WHAT IS EXPECTED =
Everything from the line containing "Painted black steel, 42" to the end of the records should be reproduced exactly, and nothing before it.

AVAILABLE RECORDS =

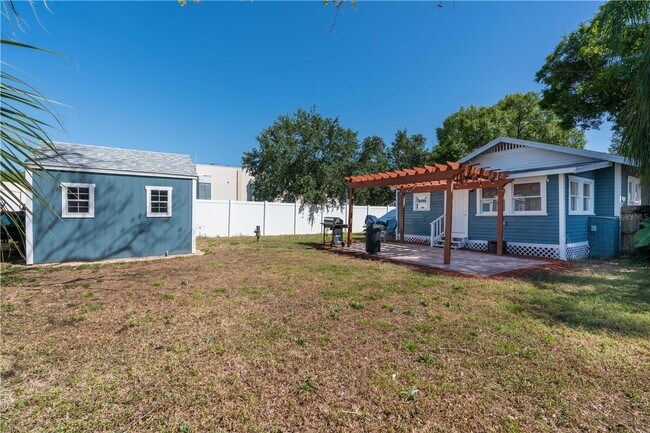 Building Photo - Live Wilder: Historic Charm Steps from Tam...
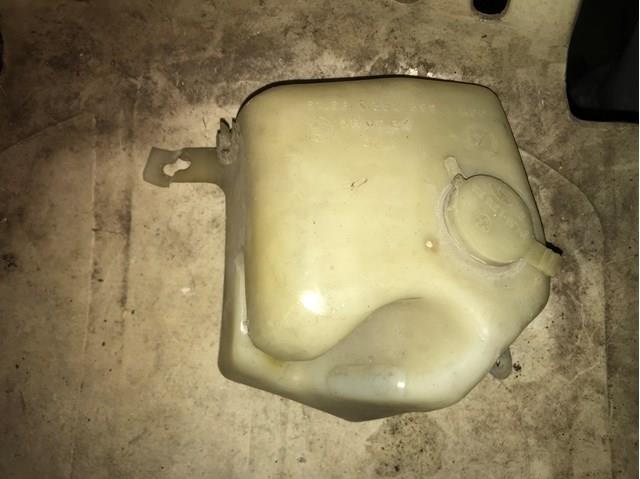 Бачок омивайки 61668352899 BMW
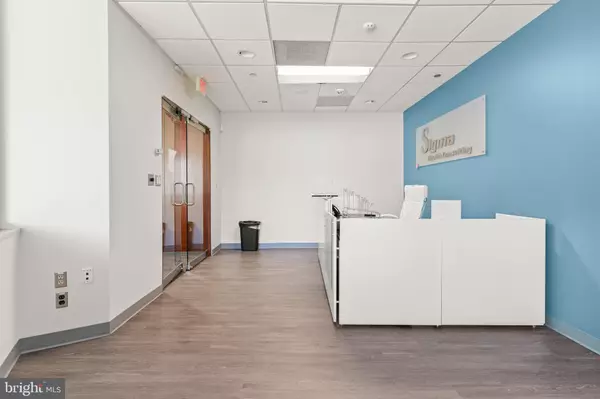 Mclean, VA 22107,7918 JONES BRANCH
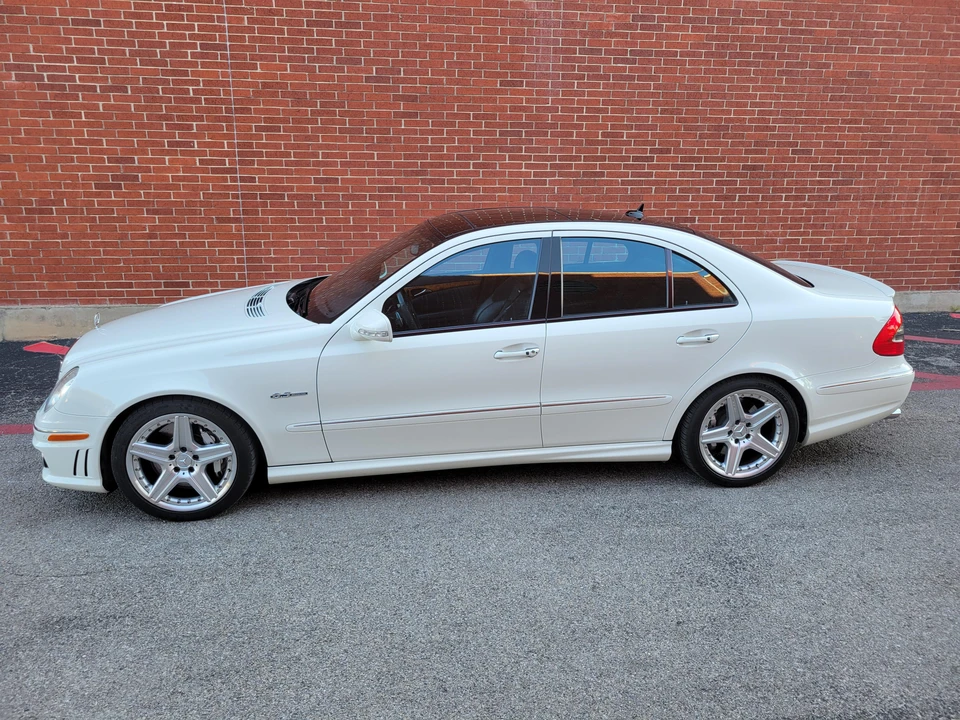 2007 Mercedes-Benz W211 E 55 & E 63 AMG - Image 15 of 31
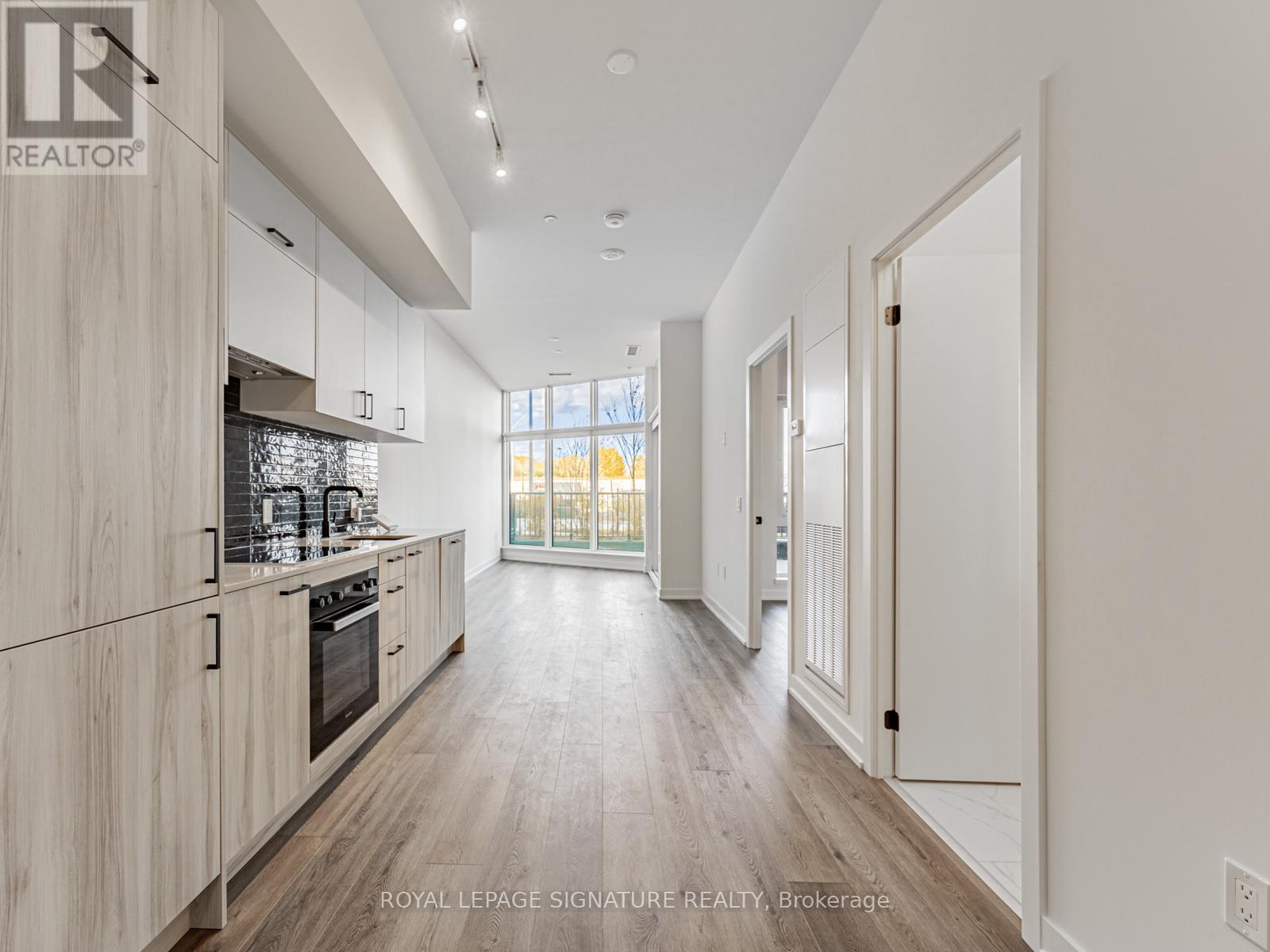 105 - 1 Kyle Lowry Road, Toronto, Ontario M3C 1V4 - Photo 9 - C12517728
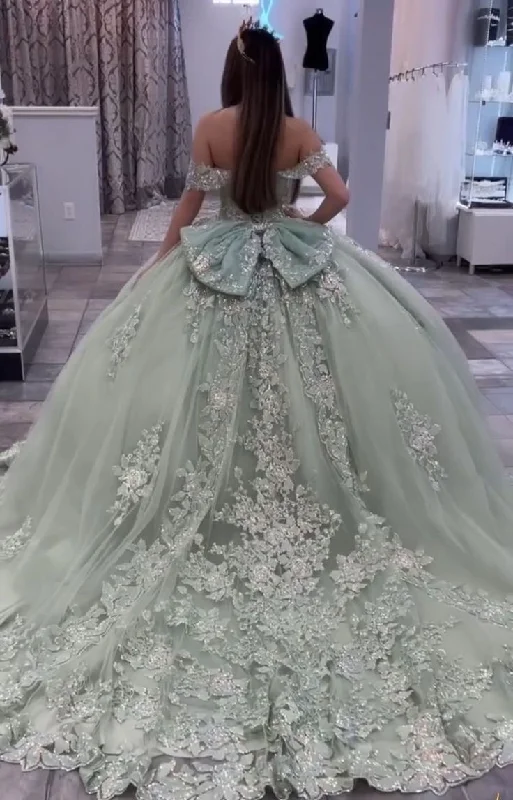 elegant evening dress with train-Green Elegant Off Shoulder Ball Gown Quinceanera Dress Tulle with Appliques      S5926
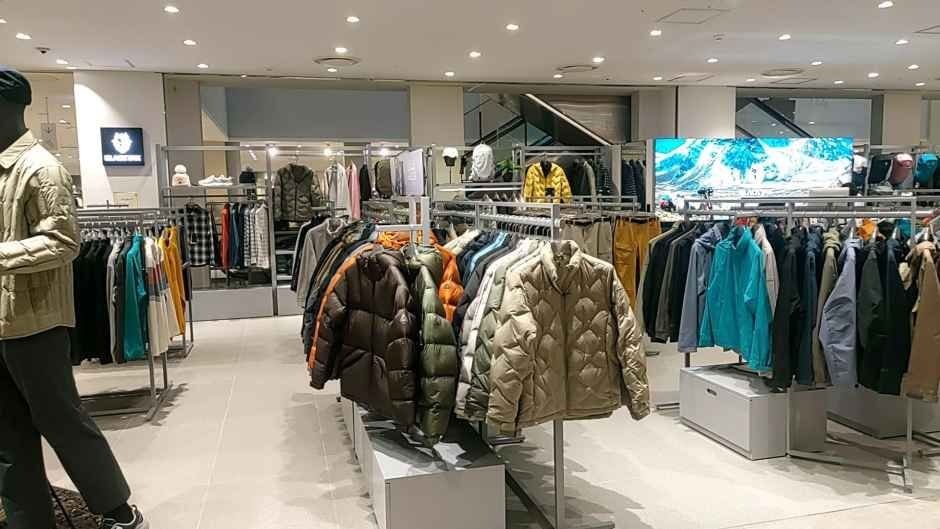 Black Yak – Lotte Mall Gwangmyeong Branch [Tax Refund Shop] (블랙야크 롯데몰 광명점)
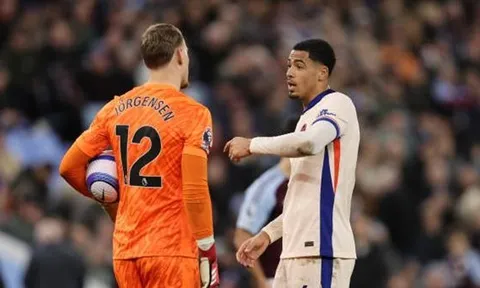 Chelsea và bài toán nan giải nơi khung gỗ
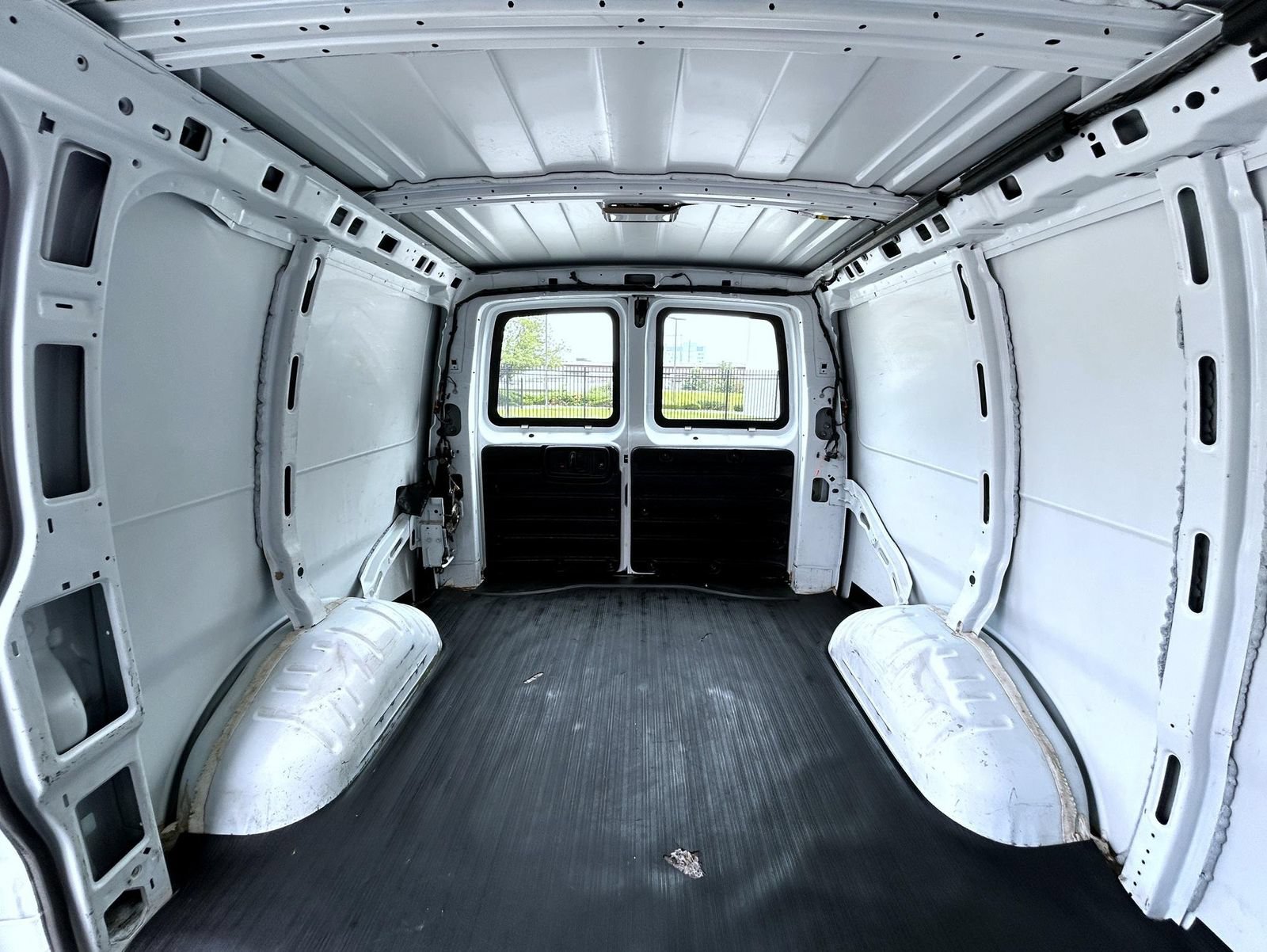 Used 2014 Chevrolet Express 1500 RWD image 22
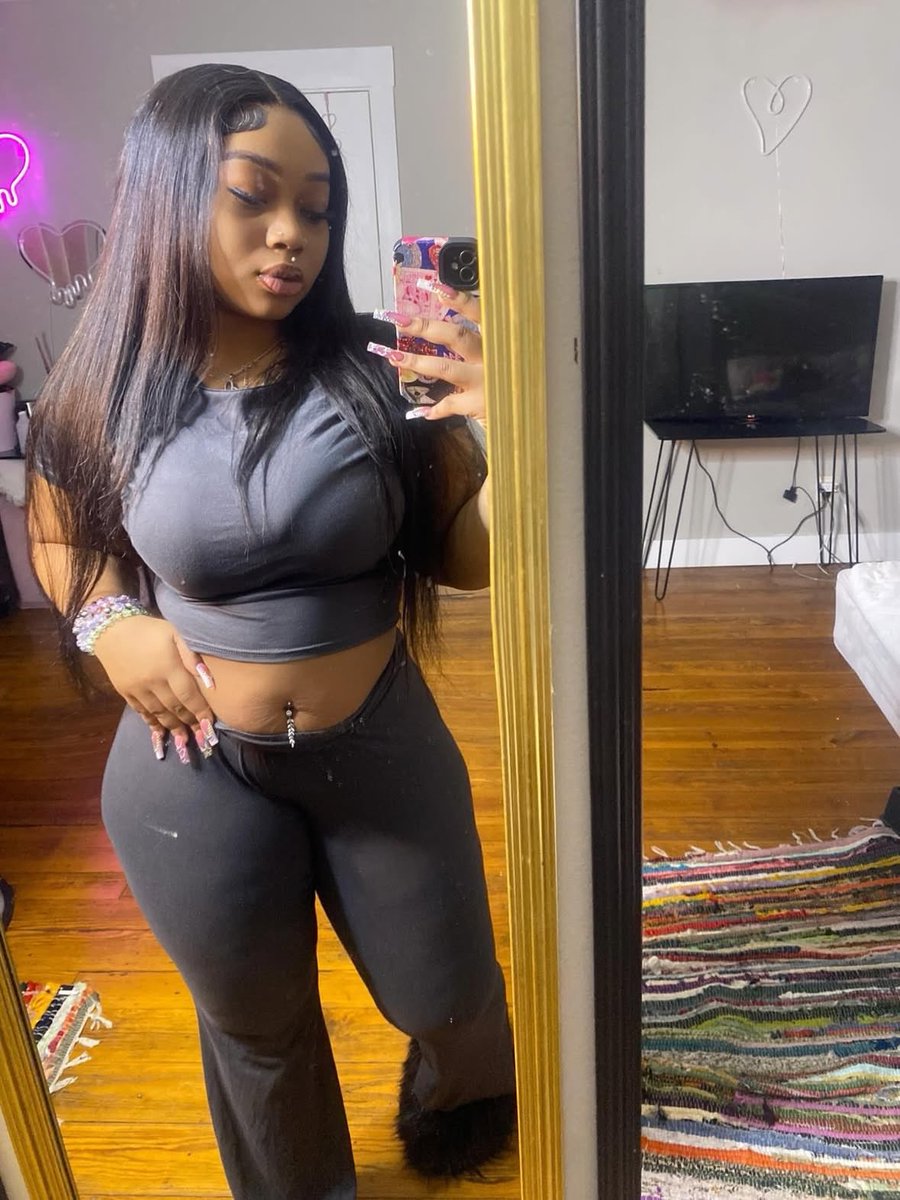 Imherolina's tweet photo. Pretty sub👣🩷#paypig #findom #sub https://t.co/z1C6cLL4E3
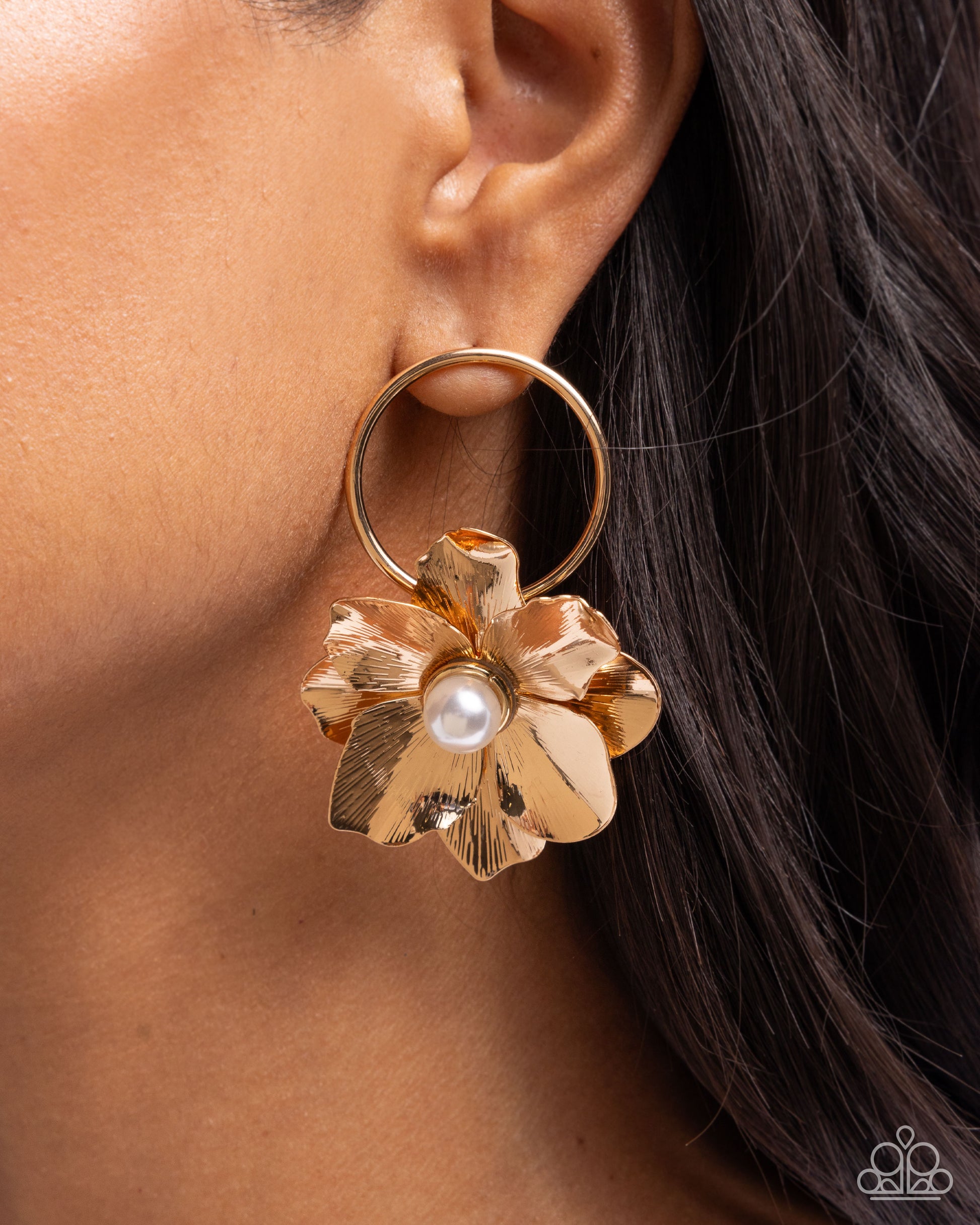Backyard Bling - Gold Post Earring - Paparazzi - Dare2bdazzlin N Jewelry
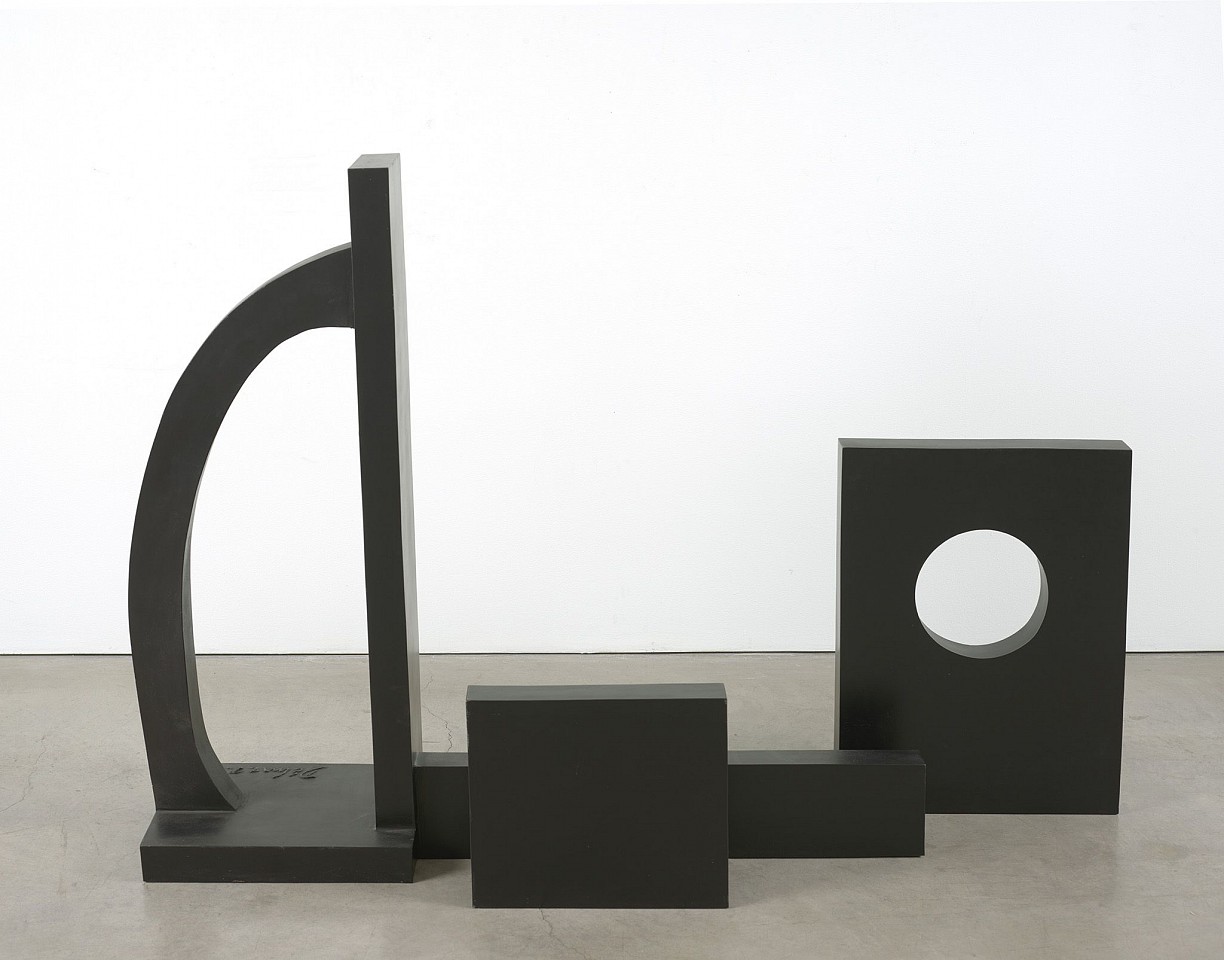 Dorothy Dehner, Prelude, 1985
Painted black steel, 42 1/2 x 62 in. (108 x 157.5 cm)
DEH-00003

TASK RESULT =
Painted black steel, 42 1/2 x 62 in. (108 x 157.5 cm)
DEH-00003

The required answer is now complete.